Augmentation substantielle de 25% de nombreux timbres fiscaux, du prix de certaines démarches administratives et au niveau des…

Tunisie : une loi des finances "comme il n’y en a jamais eu"

Austérité et "Avidité fiscale"

Augmentation substantielle de 25% de nombreux timbres fiscaux, du prix de certaines démarches administratives et au niveau des consommations, augmentation de redevances, augmentation de 12 à 19% de la  TVA, l’opinion s’inquiète pour ses revenus.

Le dessin en dit long sur comment nombre de Tunisiens perçoivent aujourd’hui la loi des finances 2018. La caricature, publiée, le 26 septembre 2017, par notre confrère, le quotidien arabophone "Le Maghreb",  représente une Tunisie qu’étrangle une grande ceinture : austérité et " avidité fiscale " _l’expression est d’un commentateur de télévision_ sont au programme d’un texte qui veut résorber un déficit budgétaire qui a atteint des proportions inimaginables : 6%.

Certes, rien n’est encore joué, car le texte, encore en discussion notamment avec les syndicats ouvriers et patronaux et d’autres partenaires sociaux, ne sera pas voté avant la mi-octobre 2017.

Mais, il suscite déjà des réactions dont certaines sont nerveuses et peut-être déplacées : un expert-comptable a parlé même d’une "explosion sociale" que la loi des finances 2018 ne manquera pas de provoquer. Certains parlent d’une loi des finances "comme il n’y en a jamais eu".

Le patronat s’inquiète également

Augmentation substantielle de 25% de nombreux timbres fiscaux comme celui utilisé pour la sortie du territoire, de celui de l’obtention d’un passeport, du prix de  certaines démarches administratives et au niveau des consommations, augmentation de redevances comme la redevance automobile, augmentation des taxes sur le tabac et les alcools, des taxes sur les activités de tourisme, les voitures et la santé, augmentation de 12 à 19% de la TVA, l’opinion s’inquiète pour ses revenus.

Mais, il n’y a pas qu’elle : il y a les syndicats ouvriers. Dont l’Union Générale Tunisienne du Travail (UGTT) qui a déjà  averti que les salariés ne devront pas être les seuls à payer le lourd fardeau fiscal.

Le patronat a, pour sa part, des inquiétudes pour les baisses que pourraient provoquer  l’augmentation de la TVA surtout au niveau de la consommation et par conséquent au stade de la production. Et qui peut provoquer plus de pertes d’emplois.
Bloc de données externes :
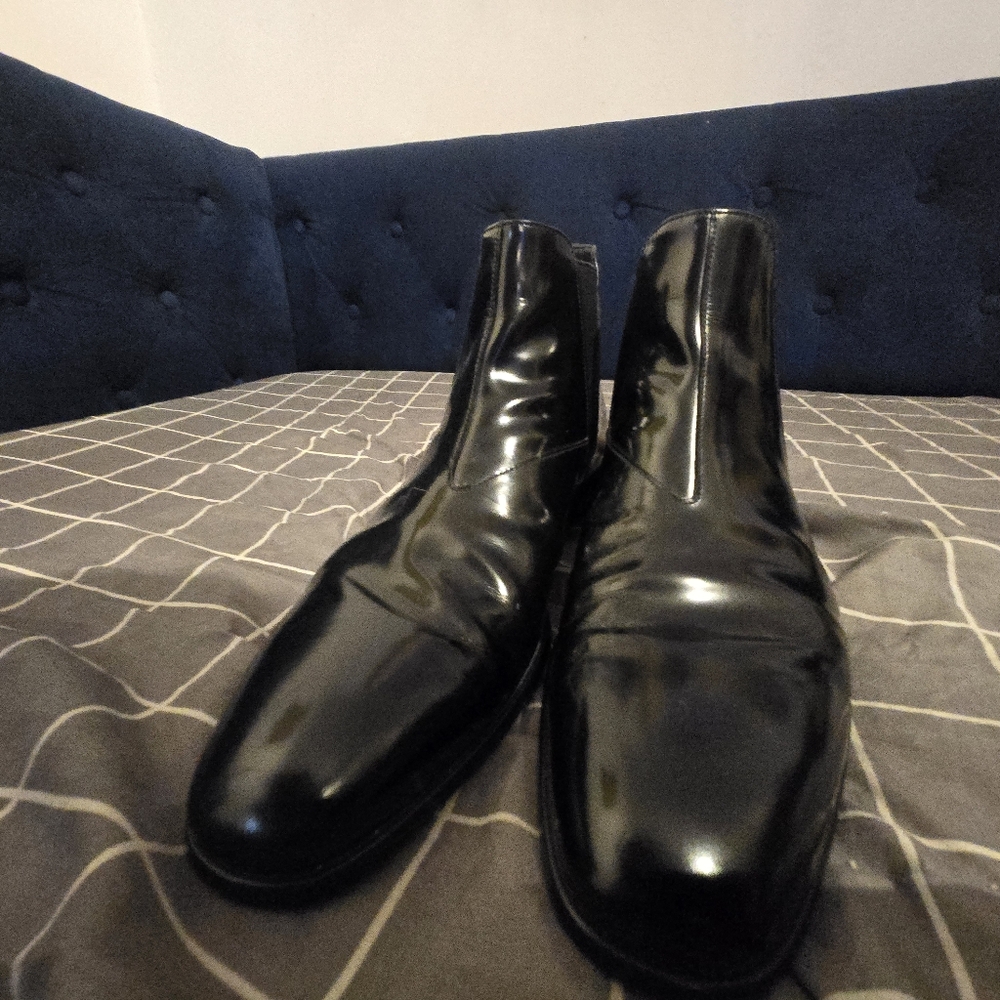 Men's Black Leather Chelsea  PRADA Boots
Et ce, dans un pays qui souffre d’un taux de chômage de 15%.

Les débats ne seront pas de tout repos pour le nouveau ministre des finances

L’Union Tunisienne de l’Industrie du Commerce et de l’Artisanat (UTICA), qui prépare son Congrès, avec les élections des chambres sectorielles, est déterminée à tenir tête au gouvernement. Un gouvernement qui passe, comme l’a souligné, la 27 septembre 2017, notre confrère, le quotidien de langue française "La Presse", une partie de son temps aujourd’hui à "démentir", à  "relativiser",  à "expliquer" et à "dédramatiser" ce qui se dit et s’écrit (dans une partie des rumeurs) sur la loi des finances 2018.

Les débats ne seront pas de tout repos pour le nouveau ministre des finances, Ridha Chelghoum –il a été nommé le 12 septembre 2017- à l’Assemblée des Représentants du peuple (ARP), le parlement tunisien. Car, au sein du Gouvernement d’Union Nationale (GUN), dont il fait partie, le gouvernement Youssef Chahed 2, certains ministres représentants des partis de la mouvance de gauche et assimilée seraient, peut-être, tentés d’exprimer une autre voix que celle de l’austérité.
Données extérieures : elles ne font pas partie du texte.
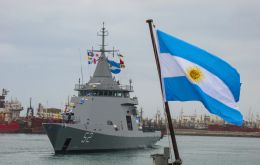 ARA Piedrabuena is received at its base port in Mar del Plata. French built, the OPV Piedrabuena is the second of a lot of four to be delivered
Certes, entendons-nous, ici et là, les caisses de l’État sont vides et les caisses sociales n’en peuvent plus avec des déficits qui s’accumulent, mais l’État a-t-il joué pleinement son rôle pour entamer des réformes de fond comme l’élargissement de l’assiette fiscale ? Ou pour traquer tous ceux qui ne payent pas d’impôts ou fraudent. Et que par conséquent, le gouvernement ne fait, aux yeux de certains, que recourir, d’années en années, à des "solutions de facilités".